Out of ideas and low on money, Edgar Allen Poe (Cusack) splits his time between fighting for the front page and vying for Emily Hamilton’s (Eve) hand in marriage. When a murder is committed in the style of one of his stories, Poe is embroiled in a police investigation as Detective Emmett Fields (Evans) faces an ever-mounting influx of bodies. Poe cooperates in the inquiry, forced into action by the abduction of his future fiancée during one of her father’s (Brendan Gleeson) annual masquerade balls. With instruction to fictionalise the police’s findings in a series of episodes to be printed in his usual newspaper, Poe tries to piece together the killer’s clues taking cues from his own collected works before the allotted time runs out and Emily disappears forever.

Unlike the director’s previous effort, the now iconic V for Vendetta, McTeigue’s The Raven comes not from one of Alan Moore’s esteemed graphic novels, but a screenplay from Ben Livingstone and Hannah Shakespeare. Rather than delighting in sharp satire and rhetorical revelry, The Raven lumbers under a mis-mash of lifted verse and fatuous fabrication that is far more smug than it smart. The dialogue is at times unspeakable, consistently evidenced by John Cusack’s uneven delivery. With the sole exception of a reasonable rendition of the poet’s masterwork, and the film’s namesake, very little of Poe’s genius makes it onscreen – an oversight that McTeigue thinks he can compensate for with a novelty fireproof raccoon and a few trillion ravens.

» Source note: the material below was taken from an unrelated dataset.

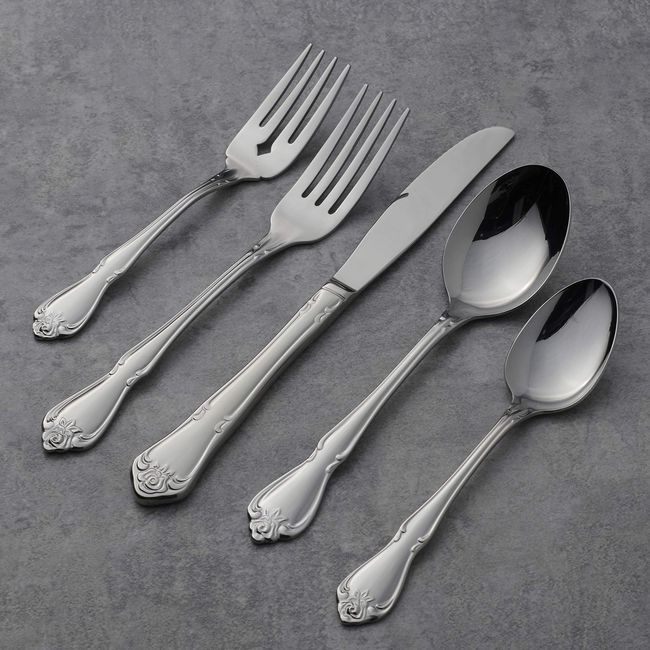 Oneida Arbor Rose 18/10 Stainless Steel Tablespoon/Serving Spoons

But we are getting ahead of ourselves, for I have glazed over the film’s greatest flaw: Cusack. Like all of his films, The Raven has at its centre a black hole of truly staggering proportions. Nothing escapes the crushing density of the actor’s wilting persona, as both the wobbly wordplay and jarring physicality only serve to highlight Cusack’s crippling lack of diversity, and, for that matter, charisma. With his droning voice and expressionless face (not to mention that ridiculous haircut), you are faced with a character who is simply there, constantly, exhibiting little agency as he fauns half-heartedly over Alice Eve’s unforgivably vacant Emily or stands in the corner while Brendan Gleeson struggles thanklessly with an impossible accent. It is only Luke Evans who demonstrates any hold over the audience’s attention, as he tries to ground the tumultuous tone with what amounts to the film’s only passable performance.

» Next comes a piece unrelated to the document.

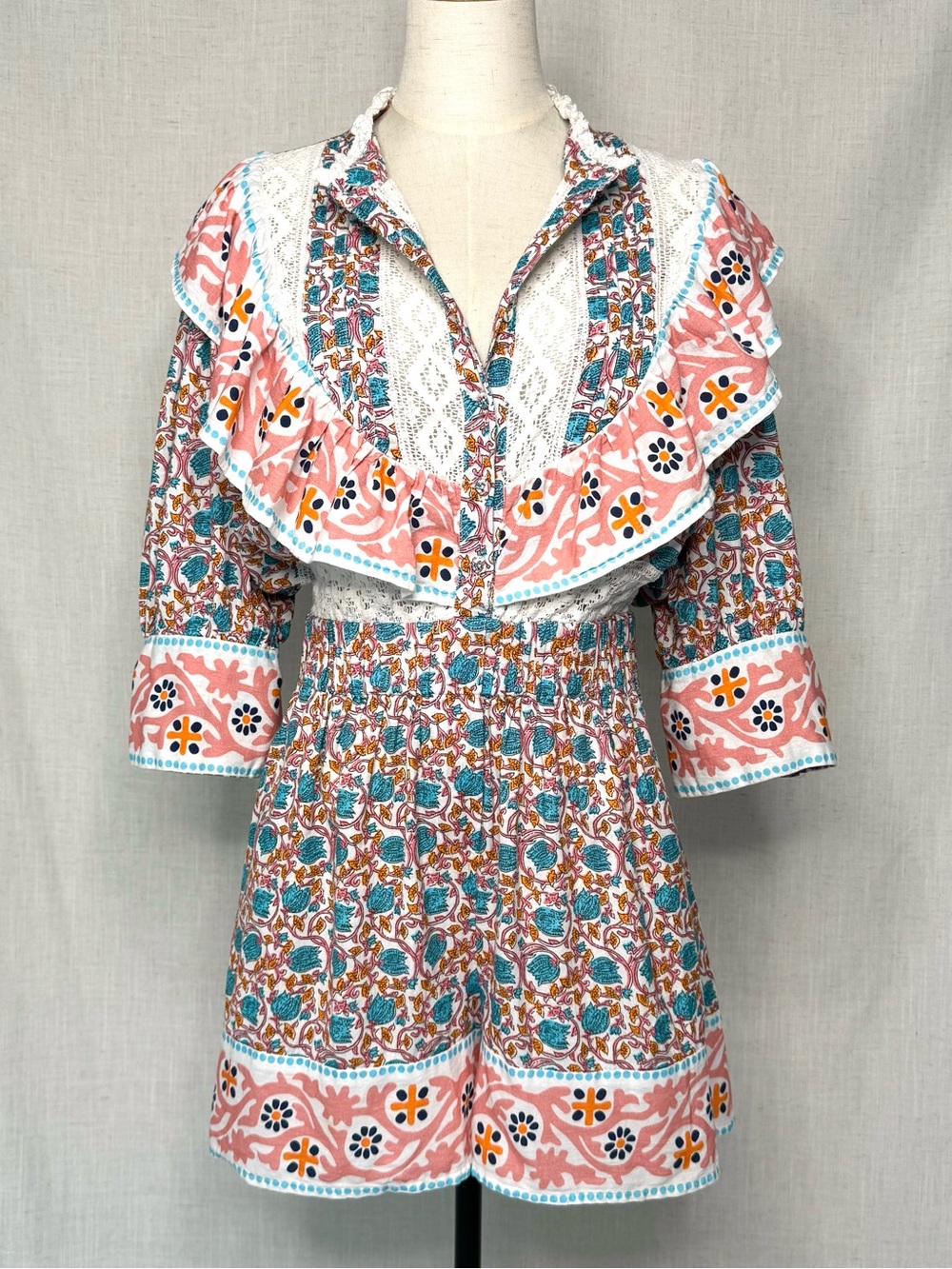 Place Nationale Ruffle Collar Printed Romper Pink Blue XL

But there’s clearly more to it than that: V for Vendetta was many things, but beautifully acted wasn’t one of them. Considering the wealth of prefabricated fiction at his disposal, McTeigue somehow manages to fumble the one thing his movie should have had going for it: Poe’s atmosphere. A steady stream of increasingly unwelcome ravens and disastrously unconvincing bursts of fog do little to compensate for the lack of interest and tension elicited by the film’s pace and plot. Despite a few grisly murders (including one which was executed to greater effect in the Saw franchise, of all places), there is little threat as it becomes increasingly clear our heroes are largely safe from harm. I don’t wish to understate just how tedious this mystery is; it’s 111 minutes and feels considerably longer. Murder, he wrote, at his own leisure. Angela Lansbury could have solved it in a quarter of that time.

Derivative, cynical and perilously overblown, The Raven has none of the finesse or force of Poe’s eponymous poem, dazzling only when Cusack puts pen to paper and lets the calligrapher do the talking for him. As if in answer to the Mad Hatter’s own ravenous riddle (printed 20 years before the poem itself), McTeigue assures us that this raven at least is as wooden as any writing desk.